## WHAT IS BEING ASKED
An exact copy is needed of the lines in the entries below from the line with "Noel Doğum Sahnesi" up to and including the line with "J.Lindeberg J. Lindeberg", and of nothing else. Leave the pictures out.

## DATA EXTRACTS
========

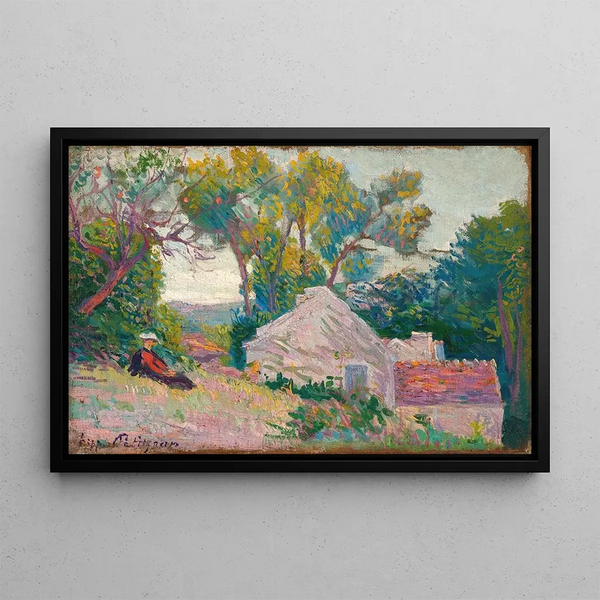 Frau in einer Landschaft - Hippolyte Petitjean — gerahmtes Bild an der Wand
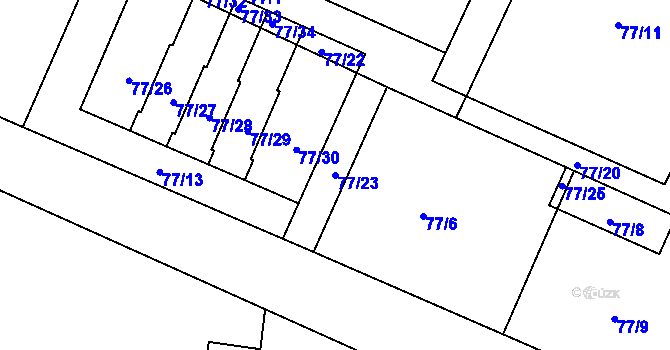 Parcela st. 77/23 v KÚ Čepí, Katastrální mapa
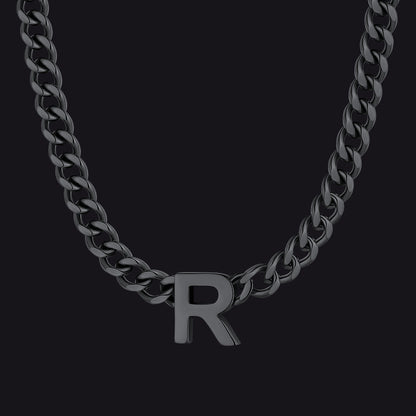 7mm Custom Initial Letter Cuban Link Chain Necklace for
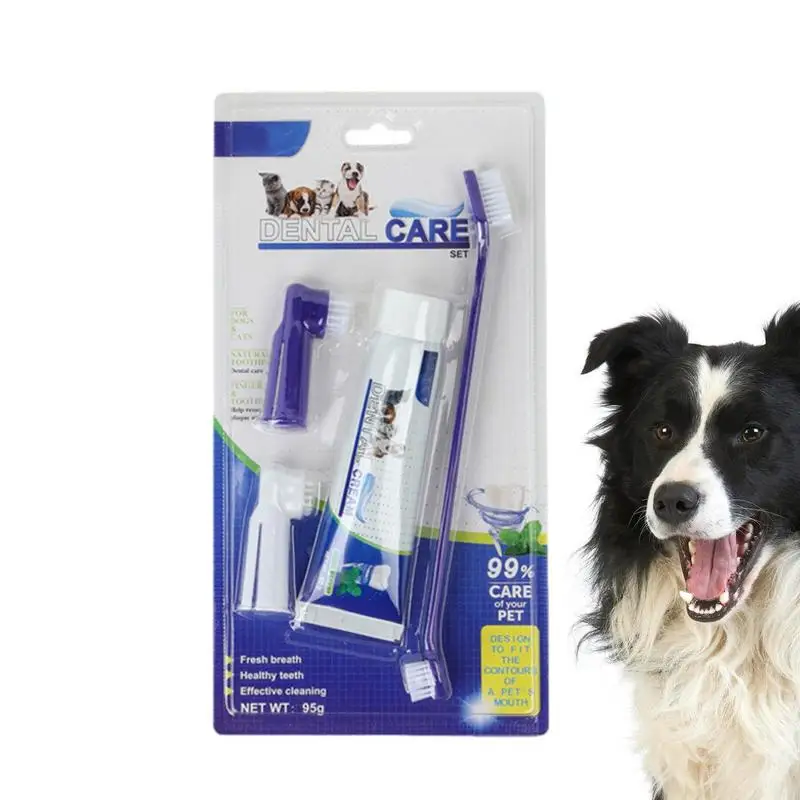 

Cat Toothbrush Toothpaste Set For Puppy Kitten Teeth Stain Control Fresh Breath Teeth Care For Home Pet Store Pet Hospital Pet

========

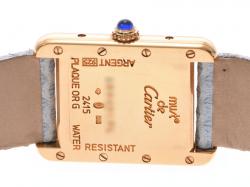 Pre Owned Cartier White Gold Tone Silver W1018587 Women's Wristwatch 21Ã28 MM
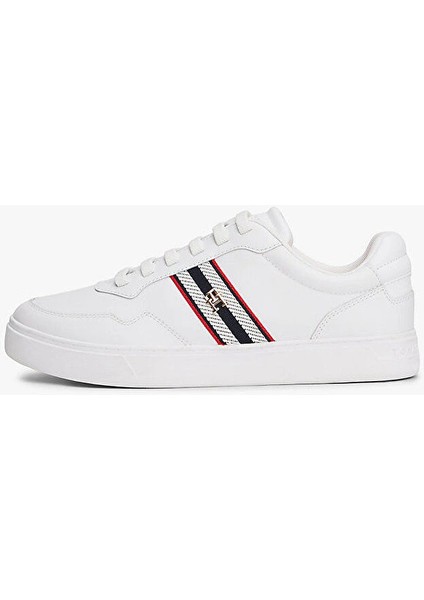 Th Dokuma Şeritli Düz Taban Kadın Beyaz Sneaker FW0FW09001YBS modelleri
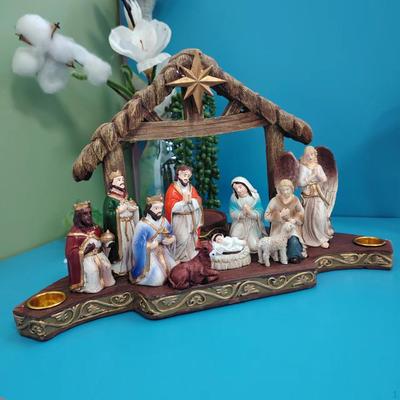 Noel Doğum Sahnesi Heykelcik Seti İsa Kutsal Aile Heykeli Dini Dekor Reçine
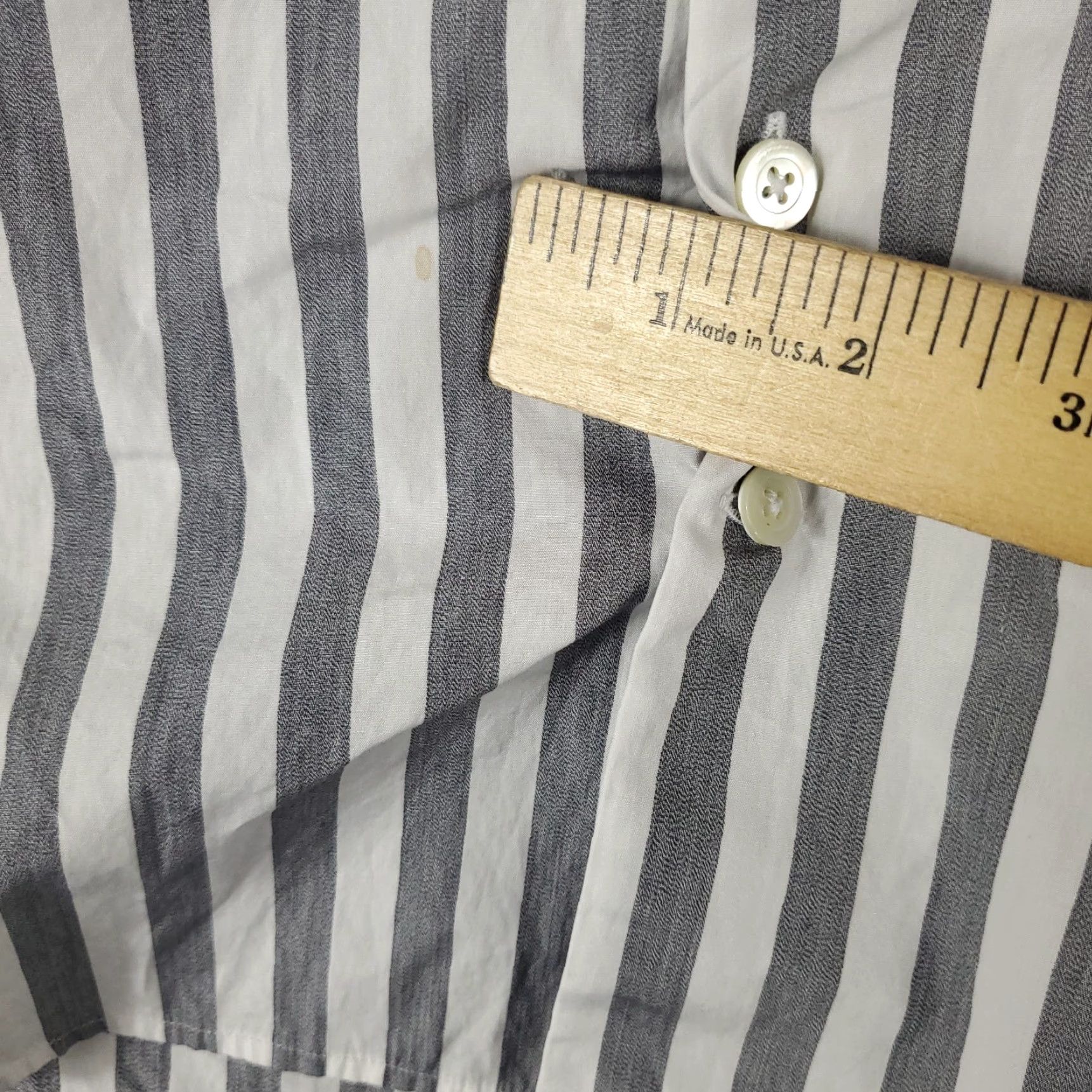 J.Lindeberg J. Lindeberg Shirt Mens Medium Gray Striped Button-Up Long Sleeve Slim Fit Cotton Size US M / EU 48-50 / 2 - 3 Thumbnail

========

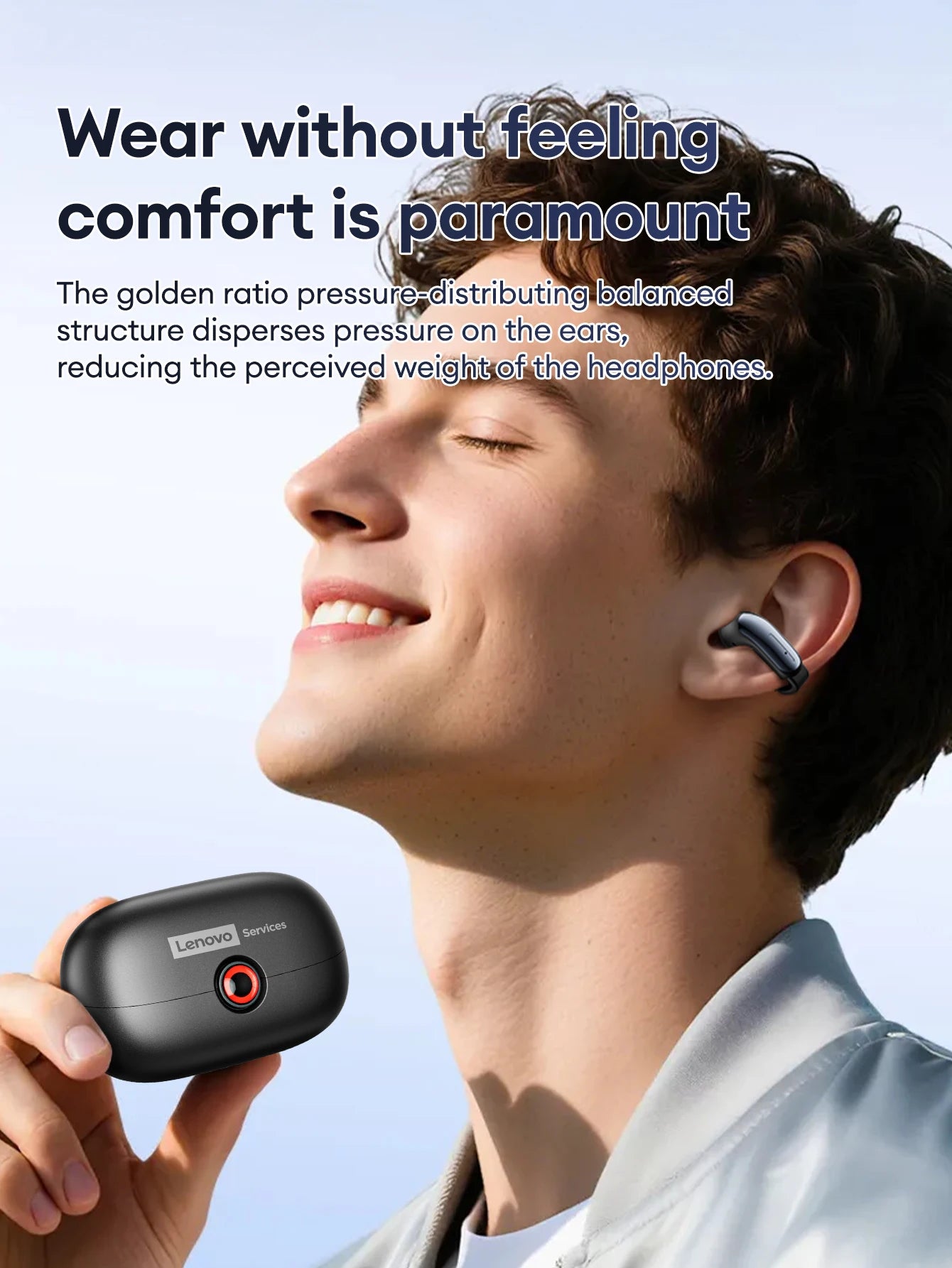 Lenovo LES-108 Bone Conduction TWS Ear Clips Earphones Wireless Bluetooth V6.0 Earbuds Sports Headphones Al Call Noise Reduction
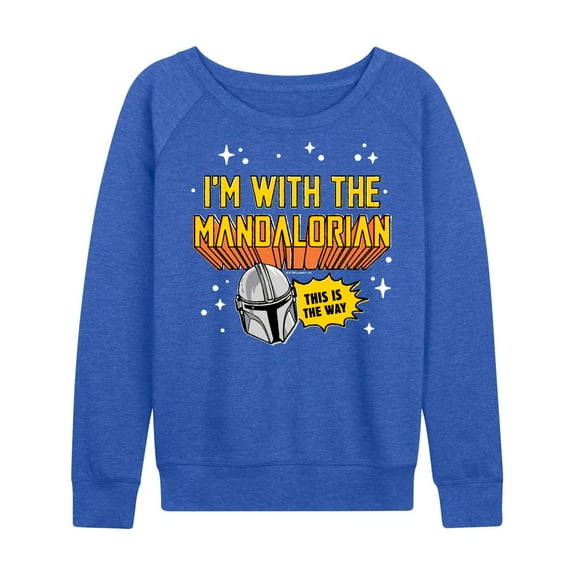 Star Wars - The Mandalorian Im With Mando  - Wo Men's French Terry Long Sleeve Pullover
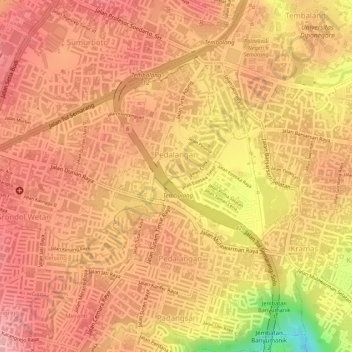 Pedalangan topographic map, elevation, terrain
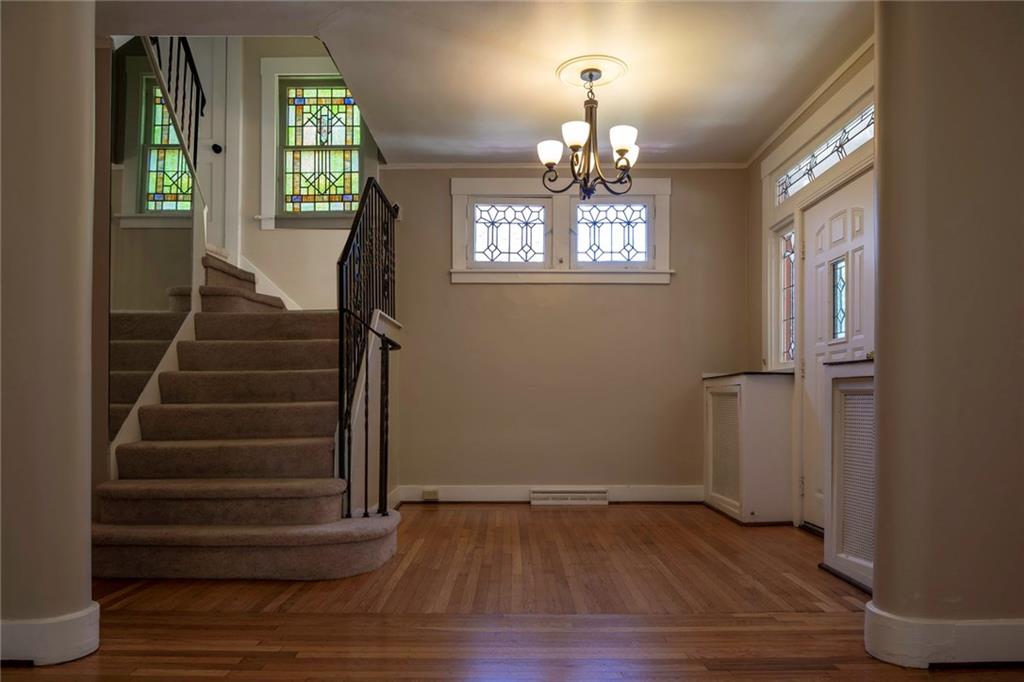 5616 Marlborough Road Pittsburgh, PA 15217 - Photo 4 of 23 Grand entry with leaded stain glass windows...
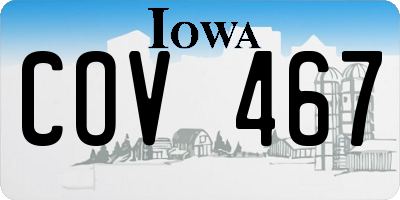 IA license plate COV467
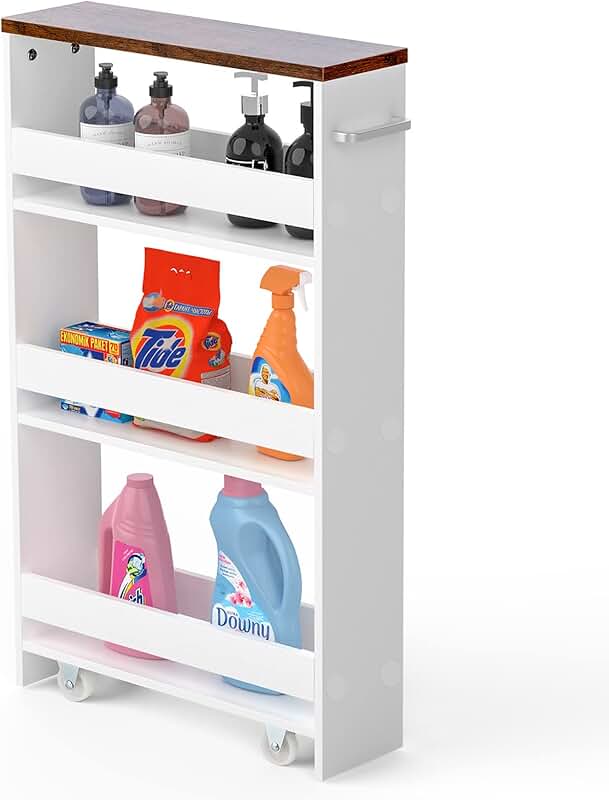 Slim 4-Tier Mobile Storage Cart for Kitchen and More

========

## PROBLEM SOLUTION
 Noel Doğum Sahnesi Heykelcik Seti İsa Kutsal Aile Heykeli Dini Dekor Reçine
 J.Lindeberg J. Lindeberg Shirt Mens Medium Gray Striped Button-Up Long Sleeve Slim Fit Cotton Size US M / EU 48-50 / 2 - 3 Thumbnail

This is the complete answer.